Is it possible in OCaml to implement a universal type, into which any other type can be embedded? More concretely, is possible to implement the following signature?
module type Univ = sig type t val embed: unit -> ('a -> t) * (t -> 'a option) end
The idea is that t is the universal type and that embed () returns
a pair (inj, prj), which inject to and project from the universal
type. Projection is partial (returns an option) because injection is
not surjective.
Here is an example of how to use `Univ'.
module Test (U : Univ) = struct let (of_int, to_int) = U.embed () let (of_string, to_string) = U.embed () let r : U.t ref = ref (of_int 13) let () = begin assert (to_int !r = Some 13); assert (to_string !r = None); r := of_string "foo"; assert (to_int !r = None); assert (to_string !r = Some "foo"); end end
Try it for yourself and see if you can implement module Univ : Univ
so that Test (Univ) passes. No Obj.magic or other unsafe features
allowed!
Comments
A couple of caveats
It is amazing to see you financial people do such theory! I am delighted. This exercise has connection to realizability toposes. I have three remarks.
First, if projection can map into 'a option then it can map into 'a because every type is inhabited, say by a diverging term. So you do not really need the option type. But it is probably better to do it that way, if you can, because returning None is friendlier than diverging.
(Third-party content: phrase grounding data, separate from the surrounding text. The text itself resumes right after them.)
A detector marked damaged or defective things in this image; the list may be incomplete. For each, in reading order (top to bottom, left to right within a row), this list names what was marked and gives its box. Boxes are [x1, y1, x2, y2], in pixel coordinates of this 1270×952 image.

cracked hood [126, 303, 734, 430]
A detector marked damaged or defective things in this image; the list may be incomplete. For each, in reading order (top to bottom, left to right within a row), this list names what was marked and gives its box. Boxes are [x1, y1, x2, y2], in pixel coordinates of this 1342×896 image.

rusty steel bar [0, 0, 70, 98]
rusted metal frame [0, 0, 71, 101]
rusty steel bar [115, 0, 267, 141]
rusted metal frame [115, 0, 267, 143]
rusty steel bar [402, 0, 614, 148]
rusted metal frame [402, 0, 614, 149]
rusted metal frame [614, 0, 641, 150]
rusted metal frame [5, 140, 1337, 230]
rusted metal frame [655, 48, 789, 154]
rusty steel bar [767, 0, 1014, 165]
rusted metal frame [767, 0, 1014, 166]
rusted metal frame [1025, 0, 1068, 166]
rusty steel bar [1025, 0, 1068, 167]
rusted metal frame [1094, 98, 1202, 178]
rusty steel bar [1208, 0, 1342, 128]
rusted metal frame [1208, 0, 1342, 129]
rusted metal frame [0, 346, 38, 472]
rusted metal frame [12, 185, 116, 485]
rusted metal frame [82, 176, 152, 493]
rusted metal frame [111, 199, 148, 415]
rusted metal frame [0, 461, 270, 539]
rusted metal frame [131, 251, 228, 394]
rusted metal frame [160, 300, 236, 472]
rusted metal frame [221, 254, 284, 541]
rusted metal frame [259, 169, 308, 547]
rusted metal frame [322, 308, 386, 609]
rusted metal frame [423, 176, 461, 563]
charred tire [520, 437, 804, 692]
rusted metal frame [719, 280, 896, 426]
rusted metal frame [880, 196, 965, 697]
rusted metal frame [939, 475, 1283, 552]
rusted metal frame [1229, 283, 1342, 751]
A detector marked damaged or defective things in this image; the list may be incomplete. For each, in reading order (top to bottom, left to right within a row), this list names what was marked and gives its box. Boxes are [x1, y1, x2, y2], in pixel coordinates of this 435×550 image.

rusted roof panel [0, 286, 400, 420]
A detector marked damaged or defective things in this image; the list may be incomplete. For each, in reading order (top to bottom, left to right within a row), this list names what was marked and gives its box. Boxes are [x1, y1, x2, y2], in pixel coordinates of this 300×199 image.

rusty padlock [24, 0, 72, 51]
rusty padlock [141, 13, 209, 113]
Second, how is this supposed to play with diverging terms? Are we embedding terms or values? Presumably values. Since Ocaml is call-by-value it might be hard to embed terms that denote diverging values.
Third, what does it mean that injection followed by projection is the identity when we embed higher-order types, such as (int->int)->int? In your example above you indicate how it is supposed to work with int and string. Can you give us an example of how it is supposed to work with a function type, where comparison = does not work?
With reference
Hiding the type in a reference should do the trick (this is not thread-safe, though!):
module U : Univ = struct type t = (unit -> unit) * (unit -> unit) let embed () = let r = ref None in let put x = (fun () -> r := Some x), (fun () -> r := None) in let get (f, g) = f (); let res = !r in g (); res in put, get endIt would be very tempting to use an exception defined in a local module, but unfortunately the type of the exception's argument cannot depend on a type variable...
on universal
I got a plain solution which passed the given tests, but I wouldn't consider it universal, as in my solution an an 'a type value encoded by an 'a type encoder can't be decoded by any other 'a type decoders except the one coming from the same pair. Could you confirm that? or could you give the expected behavior of the following code?
The assertions will fail
And I think (but am not entirely sure) that that is the only behavior that is possible to implement in OCaml.
Universal types...
I am not going to answer, because it would ruin the fun for others. Actually, Stephen was the first to tell me about this little neat trick. Having a universal type turns out to be pretty powerful. You can easily build a type Univ.t list and then you can store arbitrarily typed data into that list.
The consequence is a type safe property list working for any type. When you get the hang of these, many of the usual tricks from dynamically typed languages become possible. But in a type-safe way! The option type on the projection will protect you.
However, I better not ruin Stephens later blog posts. There is more juice to be squeezed from this lemon.
Alain's got it
Andrej, yes, an option is much better than diverging (or raising an exception), because the partiality is expressed in the type system and the user is forced to think about it. And yeah, since OCaml is call by value, embedding values is the only thing that makes sense to me. Embedding higher-order types works just like ground types. No use of polymorphic comparison is required.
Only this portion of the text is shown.